▶ PROMPT: Output the listing exactly as written, apart from its pictures.

▶ DATA PROVIDED:
##########

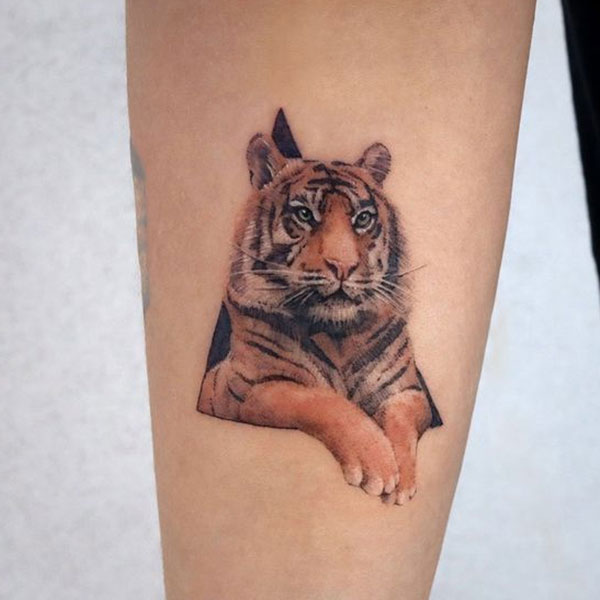 Tattoo châu á hổ mini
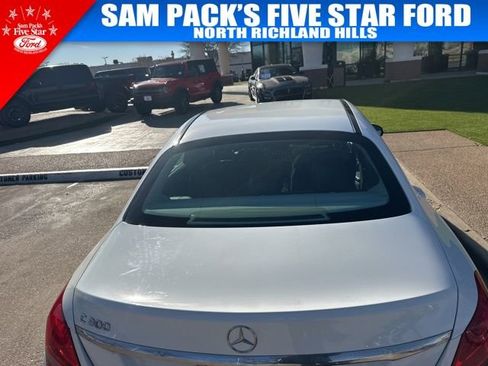 Used 2015 Mercedes-Benz C 300 Sedan image 7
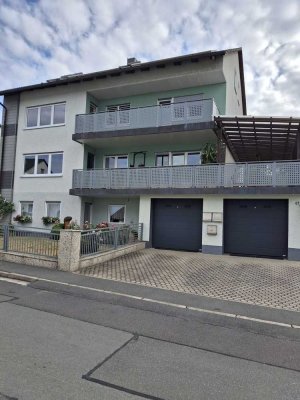 Ansprechende und vollständig renovierte 4-Zimmer-Wohnung mit Balkon in Creussen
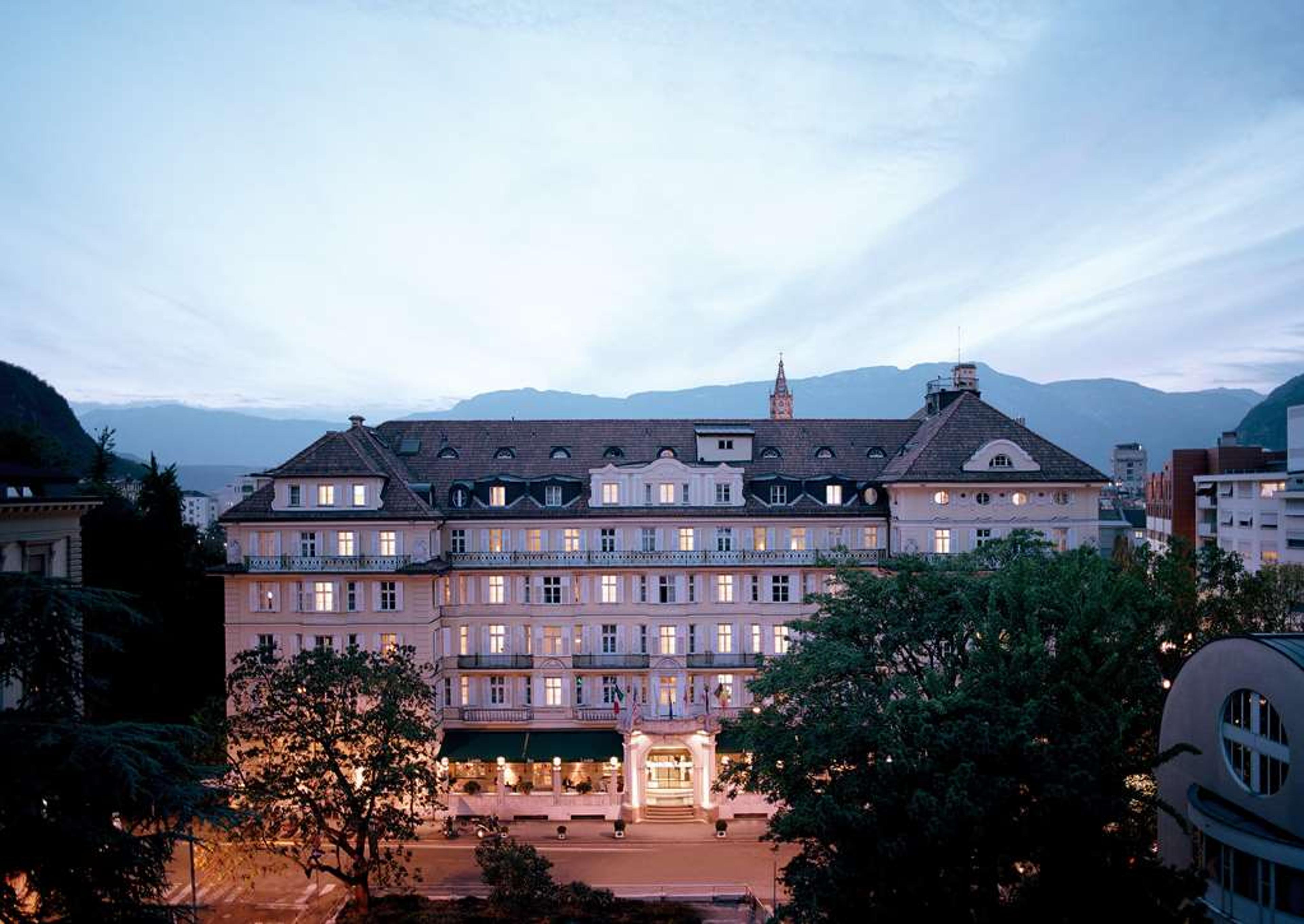 Hotel Photo 1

##########

▶ SOLUTION FOR THIS PROBLEM:
 Tattoo châu á hổ mini
 Used 2015 Mercedes-Benz C 300 Sedan image 7
 Ansprechende und vollständig renovierte 4-Zimmer-Wohnung mit Balkon in Creussen
 Hotel Photo 1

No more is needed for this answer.